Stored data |
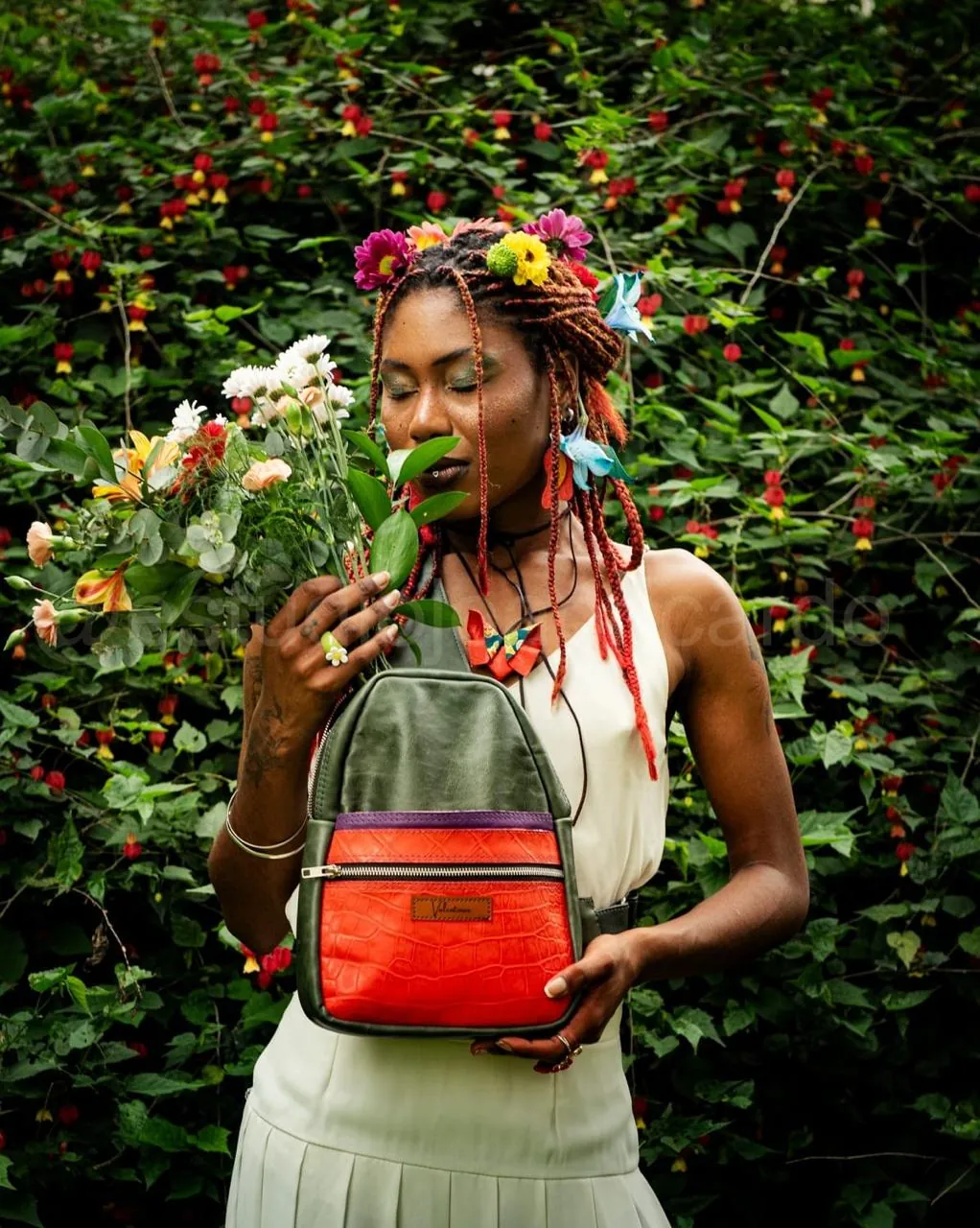 Mulher com flores no cabelo segurando mochila colorida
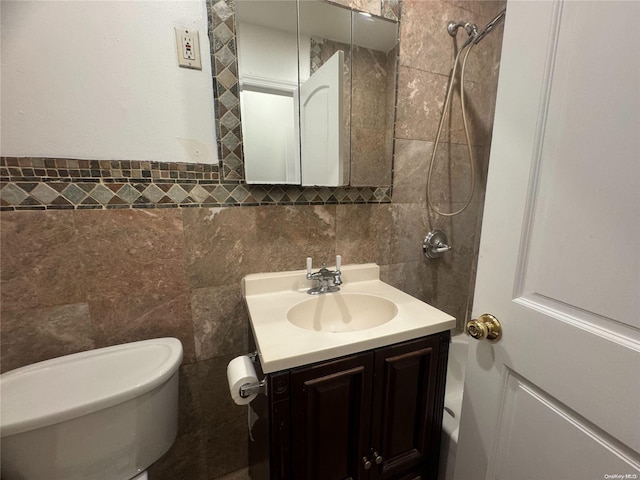 bathroom with vanity, toilet, and tile walls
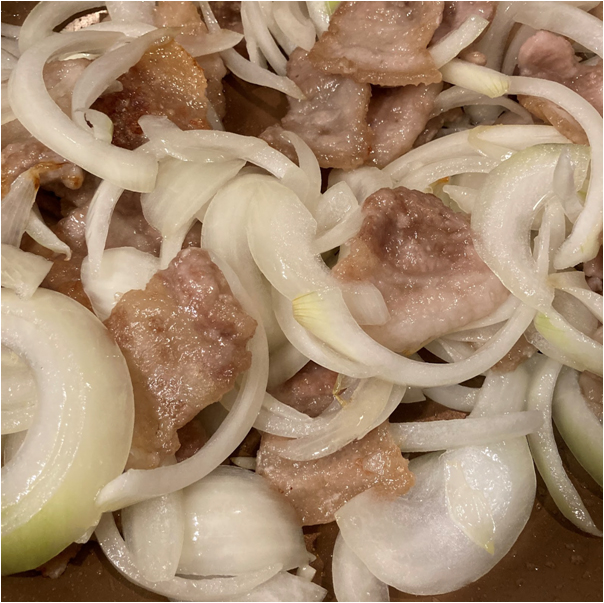 豚バラ肉の色が変わったら玉ねぎを入れて炒めます。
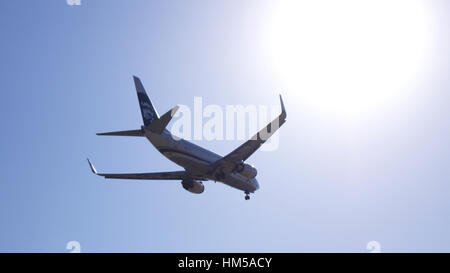 LOS ANGELES, CALIFORNIA, USA - OCT 9th, 2014: Alaska Airlines Boeing 737 shown shortly before landing at the LA Airport LAX Stock Photo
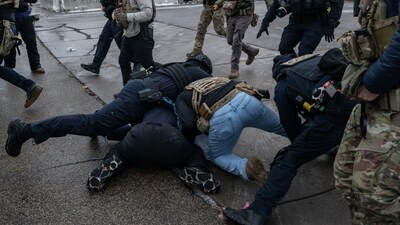 Federal law enforcement officers detain a demonstrator during a protest outside the Bishop Henry Whipple Federal Building in St. Paul, Minnesota, US, on Saturday, Jan. 17, 2026. (Photographer: Victor J. Blue/Bloomberg) (Bloomberg) Federal law enforcement officers detain a demonstrator during a protest outside the Bishop Henry Whipple Federal Building in St. Paul, Minnesota, US, on Saturday, Jan. 17, 2026. (Photographer: Victor J. Blue/Bloomberg) (Bloomberg)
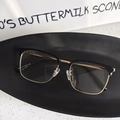 Detail view of half-rim glasses with black and gold metal frames and size engraving - Black Gold Clear Lens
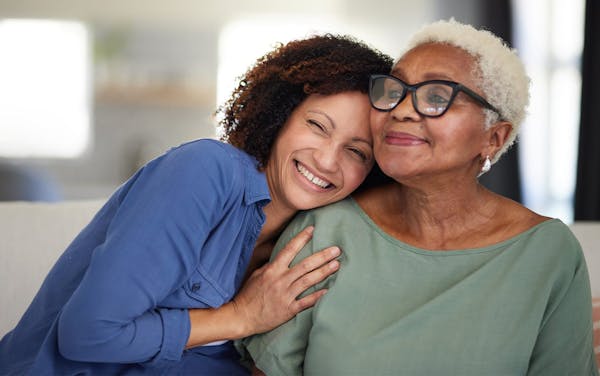 daughter hugging mother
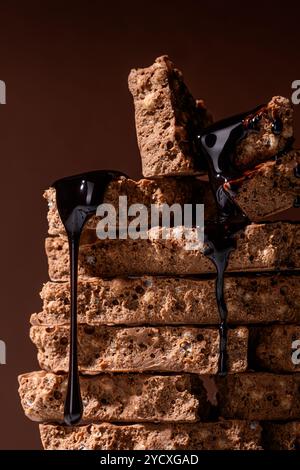 Nahaufnahme von aufgeschnittener Schokolade und aufgebautem Reisnougat, zusammengestapelt und mit Sirup getränkt, auf dunklem Hintergrund. Dieses verführerische Leckerli verleiht Ihrem Look Glanz Stockfoto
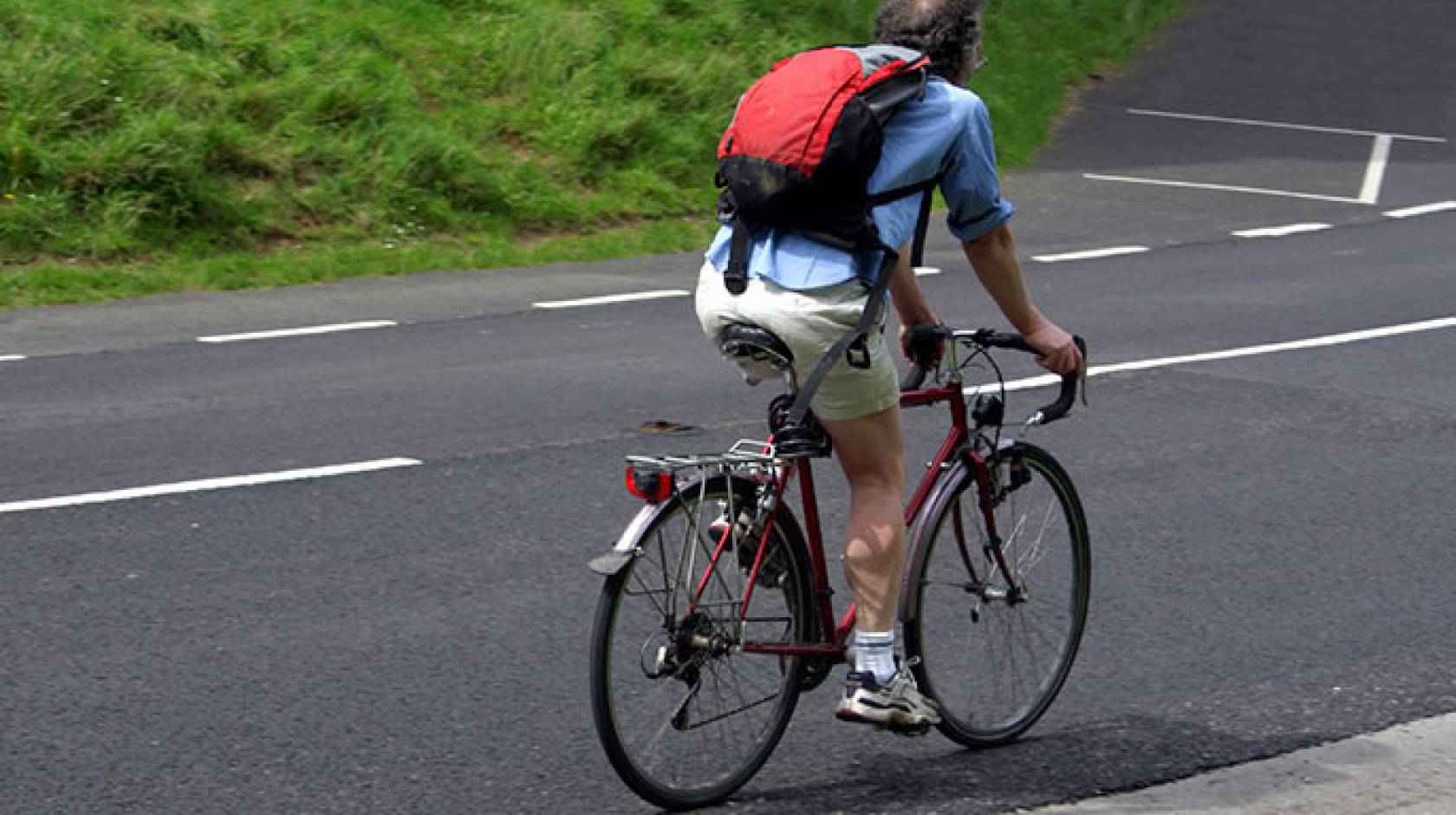 middle-aged man riding bicycle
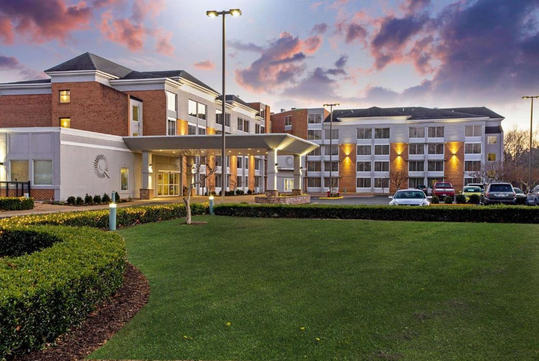Hotel building with a modern design, well-lit entrance, and surrounding greenery; several cars are parked in front. The sky is colorful during sunset.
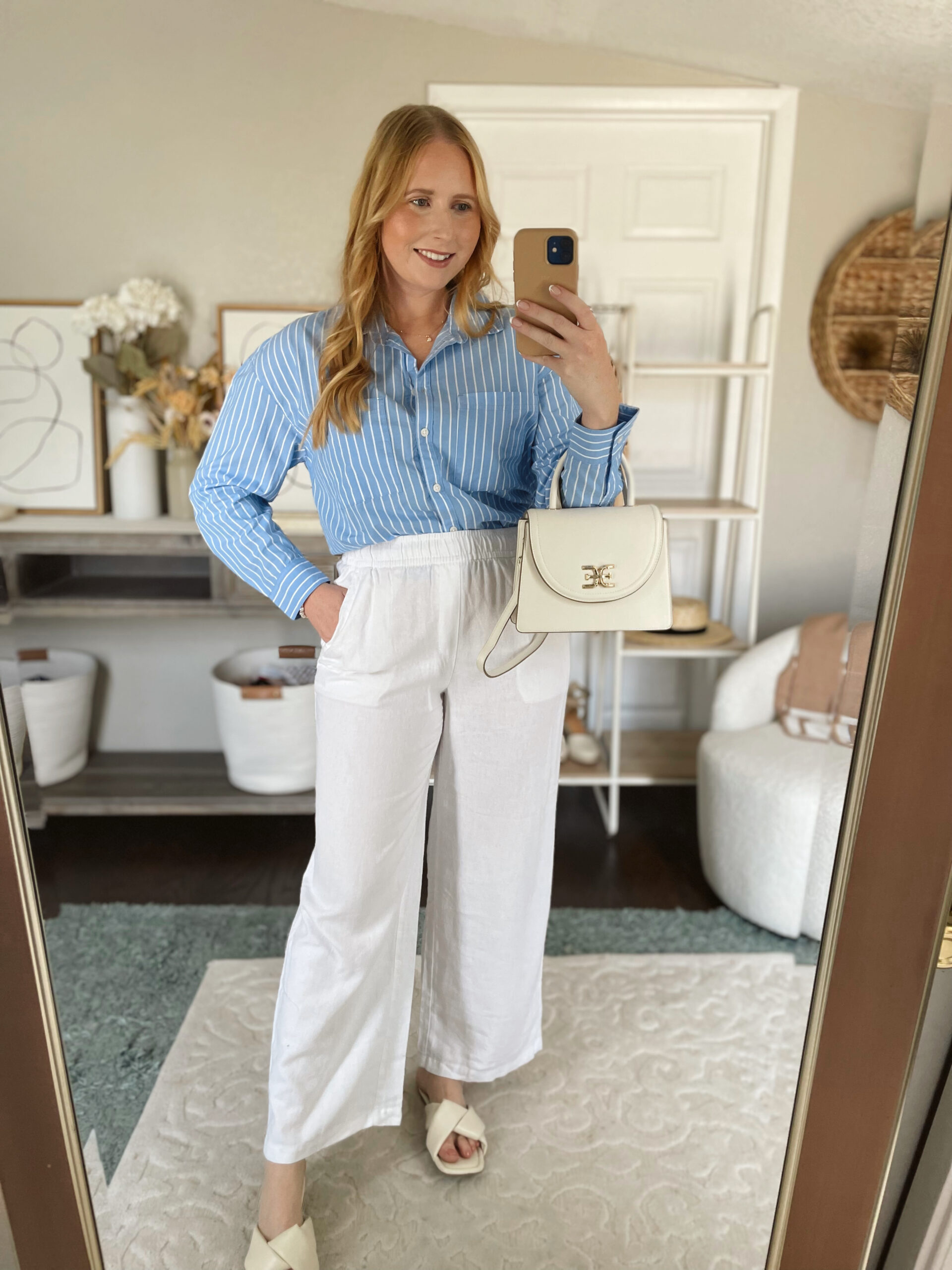 Affordable by Amanda wears a blue striped button down boyfriend shirt with white linen pants and a white satchel bag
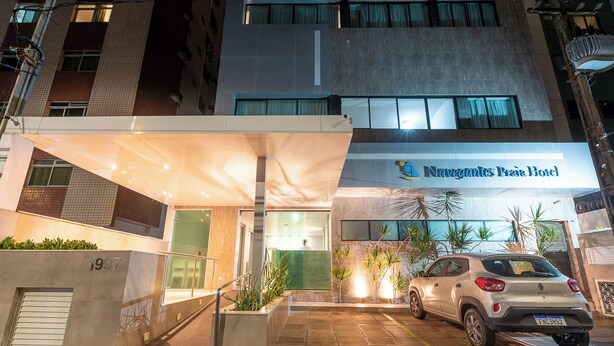 A modern hotel entrance with a covered area, a car parked in front, and a sign for 'Navegantes & Princes Hotel'. - Rede Andrade Navegantes (Recife)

What to work on | Exact copy, pictures excluded: every line above from the one containing "Detail view of" to the one containing "Hotel building with", inclusive, and nothing more.

Answer to this task |
 Detail view of half-rim glasses with black and gold metal frames and size engraving - Black Gold Clear Lens
 daughter hugging mother
 Nahaufnahme von aufgeschnittener Schokolade und aufgebautem Reisnougat, zusammengestapelt und mit Sirup getränkt, auf dunklem Hintergrund. Dieses verführerische Leckerli verleiht Ihrem Look Glanz Stockfoto
 middle-aged man riding bicycle
Hotel building with a modern design, well-lit entrance, and surrounding greenery; several cars are parked in front. The sky is colorful during sunset.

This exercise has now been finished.